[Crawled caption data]
______

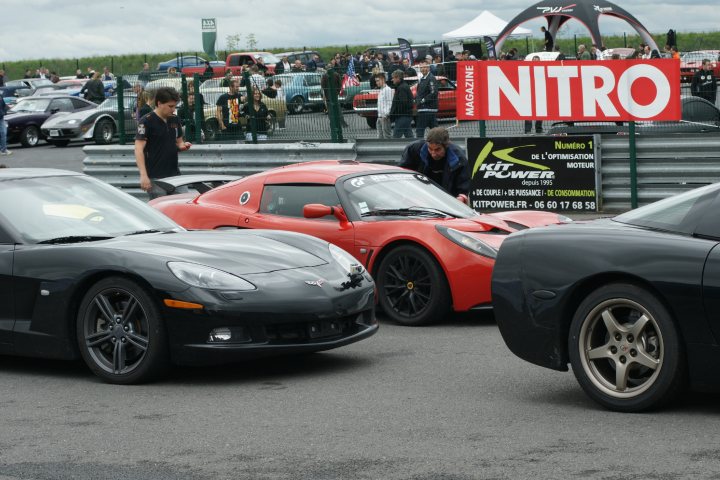 Things they dont tell you when you SELL an Elise - Page 1 - Elise/Exige/Europa/340R - PistonHeads - The image captures an event taking place at a venue with a racetrack. There are several luxury and sports cars parked on the tarmac, surrounded by people who appear to be enjoying the spectacle. One prominent sign in the scene reads "NITRO" which suggests the name of the event or a level of performance associated with the vehicles. There is another sign that mentions "KUPWER," and other people in the background, adding to the lively atmosphere of the event.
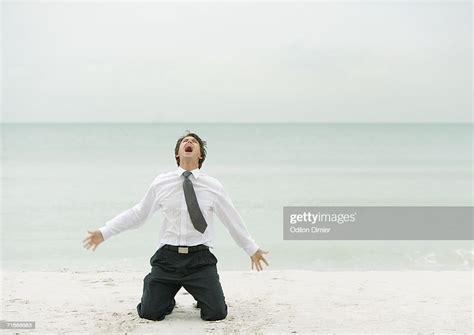 Businessman Down On Knees Screaming On Beach Photo Getty Images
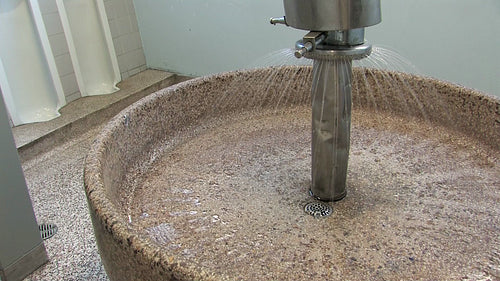 High school washroom. Water running at big old school sink. Ontario, Canada. HD video.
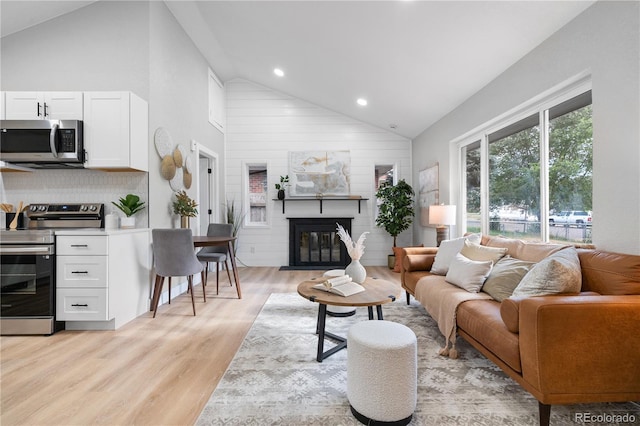 living room with high vaulted ceiling and light hardwood / wood-style floors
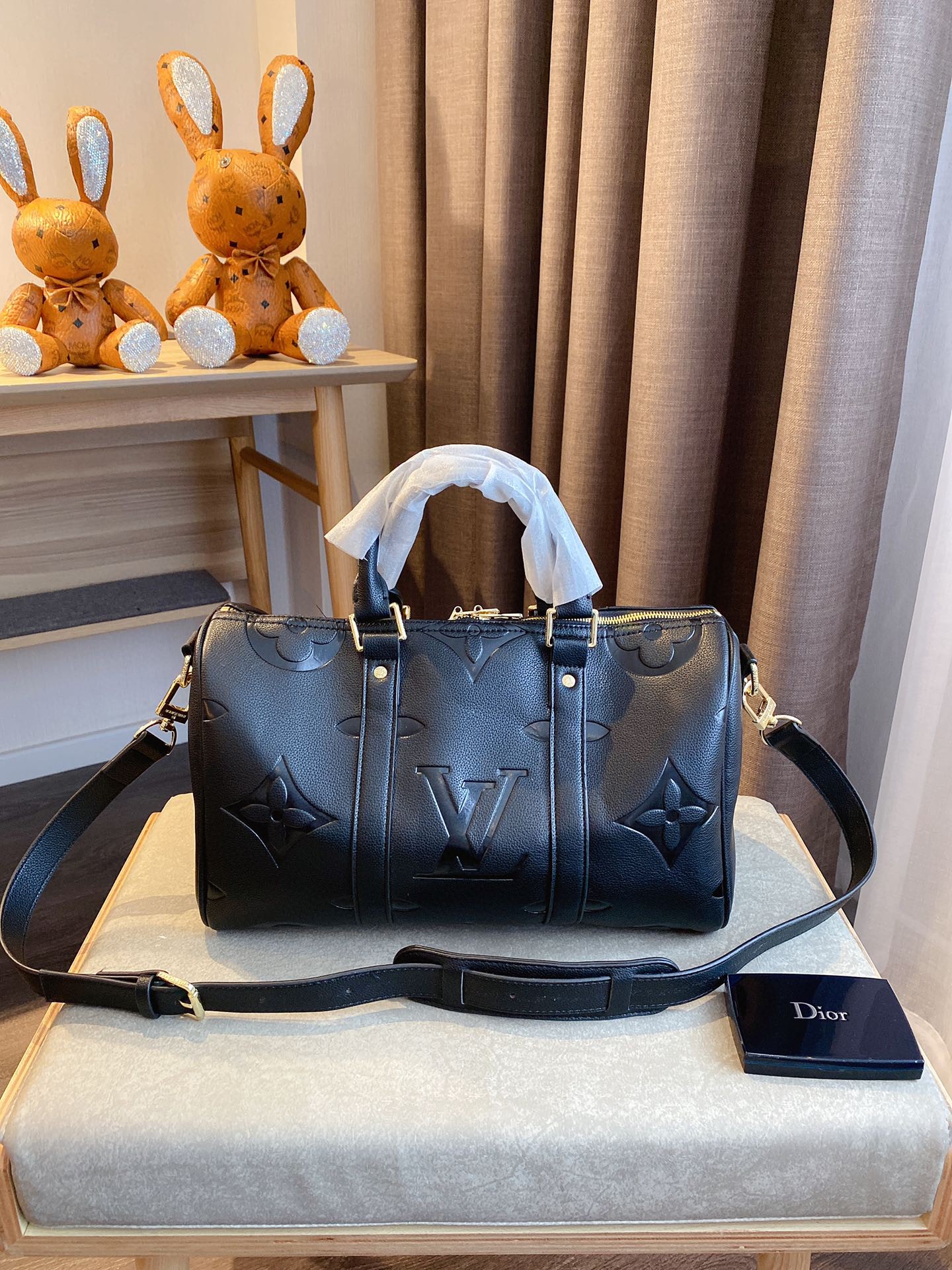 LV $77 gallery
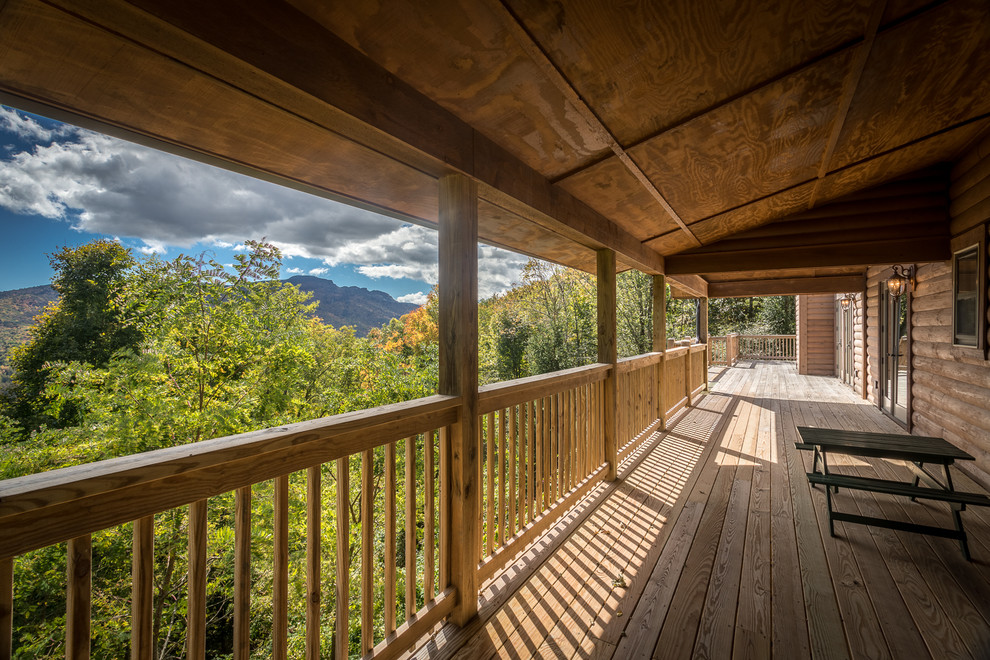Huge mountain style backyard deck photo in Charlotte with a roof extension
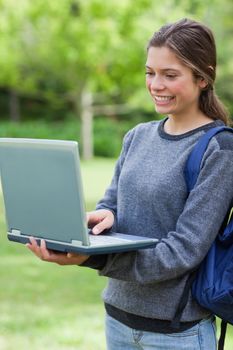 Young student looking at the screen of her laptop while smiling and standing upright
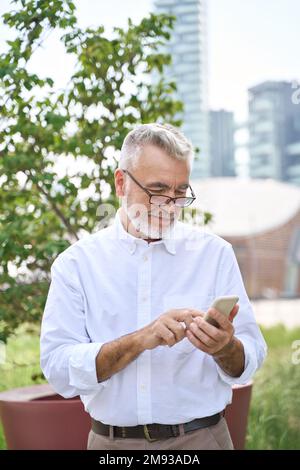 Un uomo d'affari sorridente che tiene in mano un telefono cellulare nel parco cittadino. Foto Stock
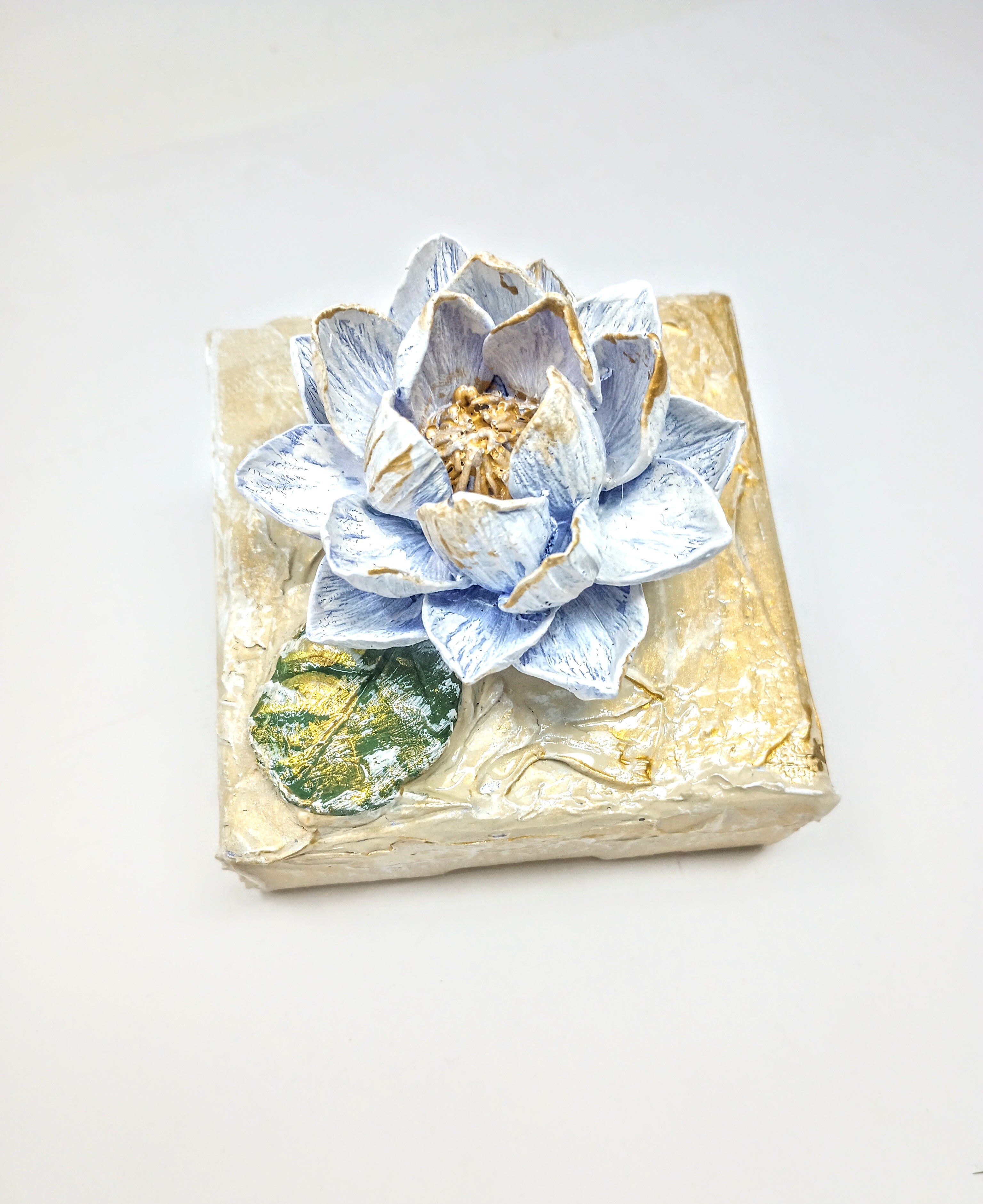 4x4 inch clay waterlily artwork sculpture in earthy tones with organic petal shape.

______

**Aim of the task**
Pictures are not part of the copy. Output only the lines from the one with "living room with" through the final line of the records, exactly as given.

**The answer**
 living room with high vaulted ceiling and light hardwood / wood-style floors
 LV $77 gallery
Huge mountain style backyard deck photo in Charlotte with a roof extension
 Young student looking at the screen of her laptop while smiling and standing upright
 Un uomo d'affari sorridente che tiene in mano un telefono cellulare nel parco cittadino. Foto Stock
 4x4 inch clay waterlily artwork sculpture in earthy tones with organic petal shape.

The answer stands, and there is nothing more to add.